• [Problem details] After locating "New construction Single-Family" in the listing below, copy that line and each one after it exactly, ending with the line that has "Ponteareas súmase á".

• [Material shown]
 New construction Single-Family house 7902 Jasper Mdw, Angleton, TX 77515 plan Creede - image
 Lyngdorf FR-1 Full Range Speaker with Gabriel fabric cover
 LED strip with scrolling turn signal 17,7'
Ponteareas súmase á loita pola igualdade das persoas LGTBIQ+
* * *
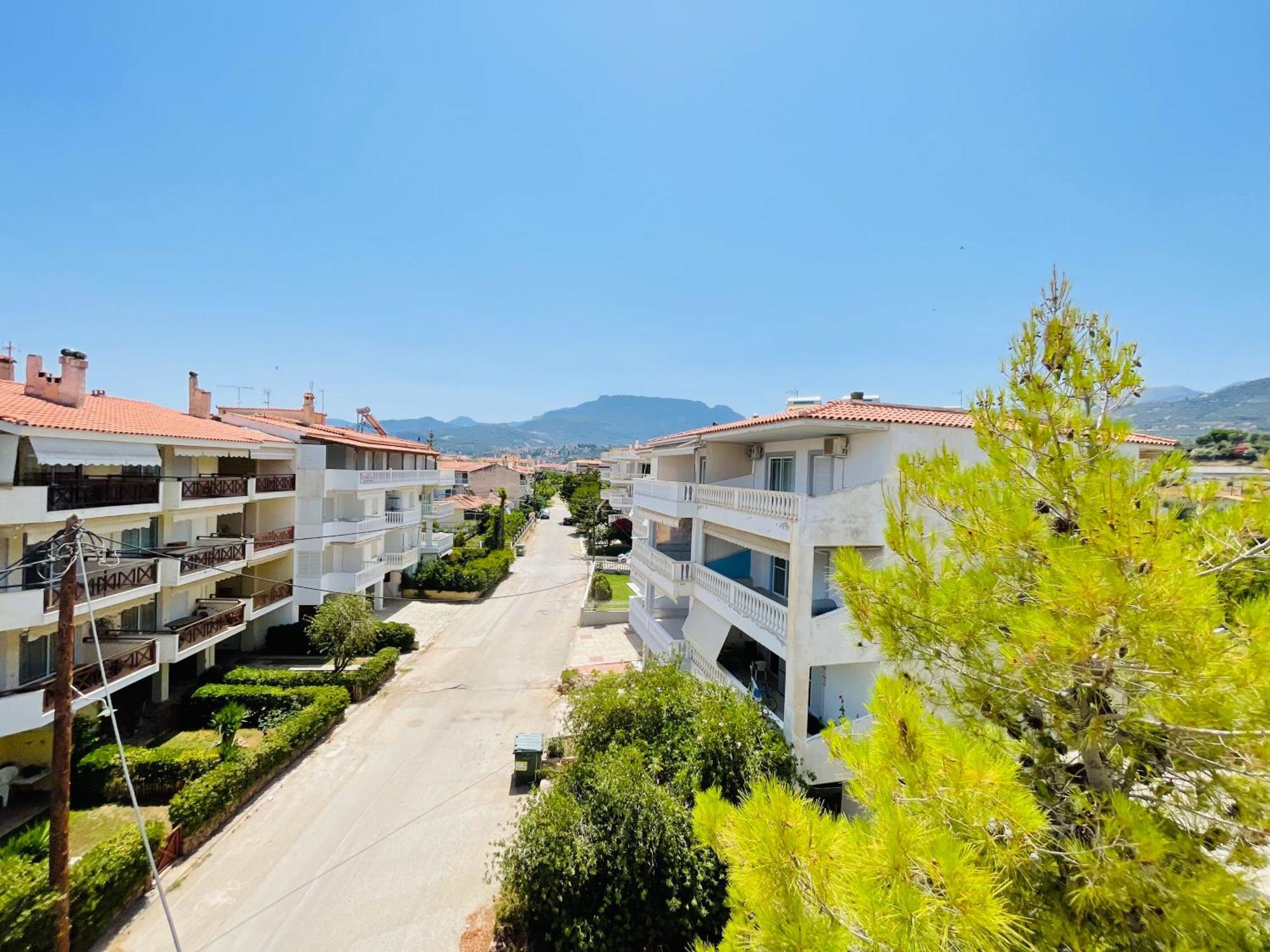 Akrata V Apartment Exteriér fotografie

• [Written solution]
 New construction Single-Family house 7902 Jasper Mdw, Angleton, TX 77515 plan Creede - image
 Lyngdorf FR-1 Full Range Speaker with Gabriel fabric cover
 LED strip with scrolling turn signal 17,7'
Ponteareas súmase á loita pola igualdade das persoas LGTBIQ+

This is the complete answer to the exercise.